Глядясь в зеркало «Гамлета», каждый понимает – или не понимает – трагедию по-своему. Режиссеры и актеры, критики и комментаторы веками усердно вникают в ее текст и подтекст. Однако во многом трактовка пьесы зависит и от накладывающегося на нее «надтекста» (если можно так выразиться) – конкретно-исторических условий, когда к ней обращаются, мировоззрения читателя или зрителя и его собственного жизненного опыта, художественных пристрастий и т. и.
С каких только позиций не пытались проникнуть в сокровенный смысл «Гамлета»! Буквально ни одно направление философской и эстетической мысли не осталось равнодушным к этой трагедии Шекспира.

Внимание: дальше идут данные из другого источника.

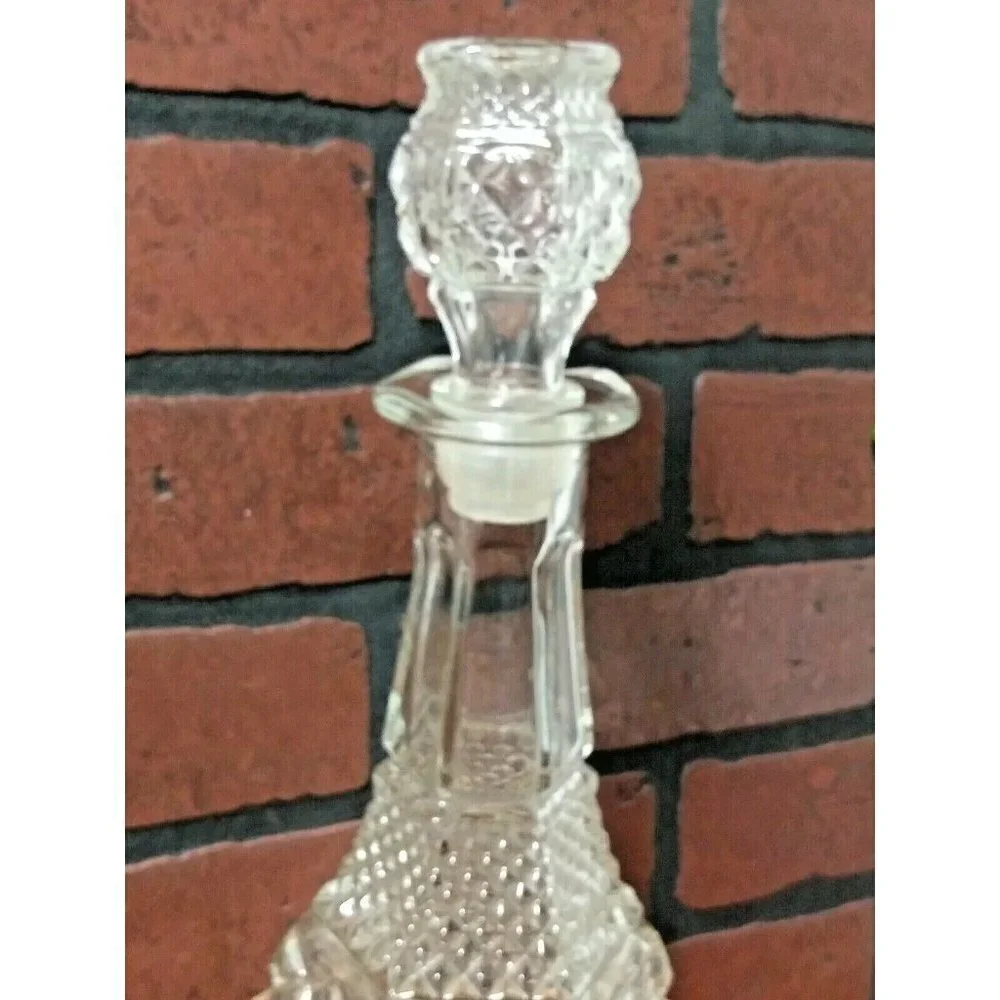 Cut Glass Decanter Full cut pattern Clear glass with stopper 15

Вот несколько примеров. Гете был убежден, что в «Гамлете» Шекспир хотел изобразить «великое деяние, возложенное на душу, которой деяние это не под силу… Прекрасное, чистое, благородное, высоконравственное существо, лишенное силы чувства, делающей героя, гибнет под бременем, которого он не смог ни снести, ни сбросить, всякий долг для него священен, а этот непомерно тяжел». И.С. Тургенев утверждал, что Гамлет представляет собою «анализ прежде всего и эгоизм, а потому безверье». А Виктор Гюго, подобно А.И. Герцену, считал, что в Гамлете есть нечто такое, что свойственно всем людям: «Бывают часы, когда в своей крови мы ощущаем его лихорадку. Тот странный мир, в котором он живет, – в конце концов наш мир. Он – тот мрачный человек, каким мы все можем стать при определенном стечении обстоятельств… Он воплощает неудовлетворенность Души жизнью, где нет необходимой ей гармонии».

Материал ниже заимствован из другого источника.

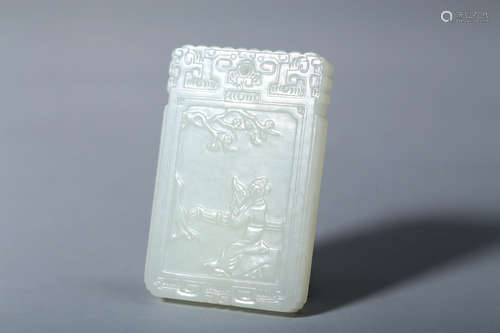 CHINESE CARVED WHITE JADE FIGURE PENDANT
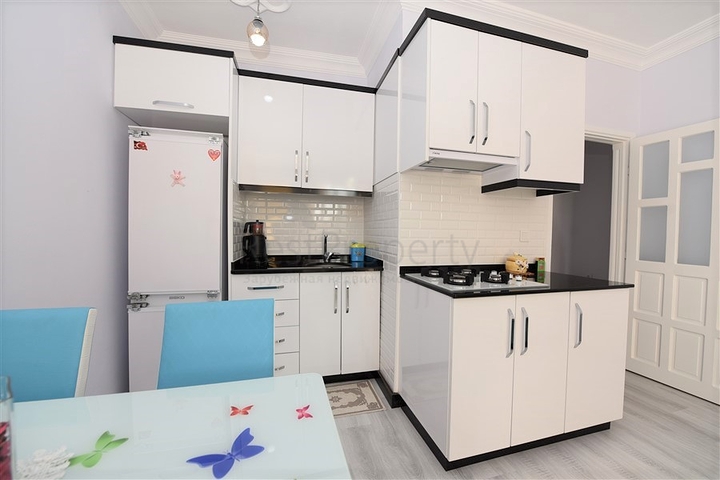 في مركز مدينة الانيا - شقة مفروشة بتصميم غرفة نوم وصالة للبيع من المالك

Накопившееся внушительное количество противоречивых – притом весьма авторитетных – суждений о пьесе как нельзя лучше свидетельствует о том, что тщетно искать всех удовлетворяющее однозначное решение многогранной проблемы «Гамлета».

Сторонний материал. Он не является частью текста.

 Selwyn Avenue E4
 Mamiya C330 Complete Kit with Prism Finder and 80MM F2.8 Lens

«Гамлет» – не просто зеркало, это состоящая из призм и зеркал сложнейшая оптическая система, сфокусированная на главном герое и его проблемах. Образ принца пропущен сквозь восприятие не только лиц, к нему доброжелательных (Офелия, Гертруда, Горацио), но оттенен и мнением ненавидящего его Клавдия: «человек беспечный и прямой и чуждый ухищрений». Исследователи обратили внимание также на «зеркальность» ряда ситуаций и сцен в трагедии, а главное – судеб Гамлета и Лаэрта. Оба они потеряли отцов, но как по-разному реагируют на это! Лаэрт безоговорочно подчиняется требованиям кровной мести. Прекрасно зная, что Гамлет стал причиной гибели Полония и Офелии невольно, он все-таки стремится во что бы то ни стало свести с ним счеты: следуя якобы законам чести, не останавливается перед осуществлением бесчестного плана Клавдия, подготовившего в ответ на гамлетовскую свою «мышеловку». Совесть в Лаэрте, правда, заговорила, но слишком поздно. Он умен, решителен и смел, но действует по старым, средневековым моральным канонам, которые неприемлемы для гуманиста Гамлета. В рассудочной медлительности терзаемого сомнениями Гамлета несравненно больше нравственности, чем в безрассудной Лаэртовой жажде немедленного отмщения.
Пресловутый «гамлетизм», о котором уже упоминалось, никак не исчерпывает всех сторон натуры шекспировского героя. Это не более чем тень датского принца, ведущая вполне обособленное от него существование. Гамлет и «гамлетизм» соотносятся между собою примерно так же, как Дон Кихот и «донкихотство». Под «донкихотством» разумеют обычно совсем не то «величие сердца» доблестного рыцаря из Ламанчи, о котором говорил Ф.М. Достоевский, не его благородство, самоотверженность, верность идеалу и доброту, а безрассудство, чудачество, наивное прекраснодушие, оторванность от действительности. Подобно этому, «гамлетизм» вобрал в себя слабость воли, душевную апатию, пессимизм, разочарованность в жизни, тягостные раздумья вместо решительных поступков в «минуты роковые».
Да, Гамлету, привыкшему философски осмысливать все происходящее, присущи колебания в какие-то моменты, но не они являются определяющими. Его трагедия – не просто в горе от ума, парализующего волю. Трагизм положения принца в том, что его, гуманиста, заставляют подавлять в себе человечность и вынуждают к жестокости («Я должен быть жесток, чтоб добрым быть»).